By Davit Kirakosyan
Sallie Mae (NASDAQ:SLM) shares gained more than 4% intra-day today after Morgan Stanley upgraded the company to Overweight from Underweight and raised its price target to $15.00 from $14.00 on better-than-feared credit quality.
The firm’s previous Underweight rating was due to concerns about the company's private student loan book's credit deterioration. This concern was confirmed in Q4/22 earnings with losses spiking to 3.15%. Since then, the stock has underperformed, down 25% year-to-date.
However, the firm is increasing its EPS estimates for 2023/24 by 11%/5% as SLM's credit performance has improved over the past several months, while the rest of the group's credit quality is declining. This is mainly due to one-time transitory issues that impacted performance in 2022, which have now eased. “Thus far in the quarter through February, annualized losses have declined to 2.17%, much better vs consensus at 2.8% for the full quarter. We are now looking for 2.3%, now the low on the Street,” said the firm.
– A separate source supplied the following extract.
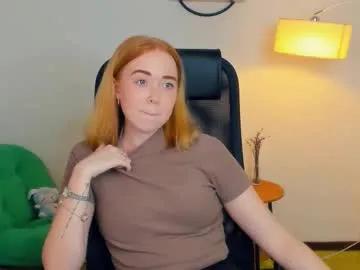 nelliemathers — GOAL: I'll do a headstand<3 [29 tokens remaining] Very flexible girl ;) #ginger #teen #new #shy #redhead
Morgan Stanley expects to face pushback due to previous head fakes in 2022 and a tougher macro outlook from here. The firm doesn’t expect an immediate return to pre-2022 loss rates. “Two key elements likely to keep SLM's NCO rates above historical levels: 1) the impact of Gen Z students graduating with the most student debt ever amid the highest level of inflation in decades; and 2) seasoning and mix dynamics as SLM has held its managed portfolio flat while selling loans off balance sheet,” said the firm.
However, it expects lower credit costs than expected, with its new 2023/24 NCOs estimates of 2.24%/1.95% about 20-25bp better than consensus. This keeps the firm’s EPS 1% above consensus, which is significant compared to its other Consumer Finance coverage where it is below consensus 2024 EPS by almost 90%.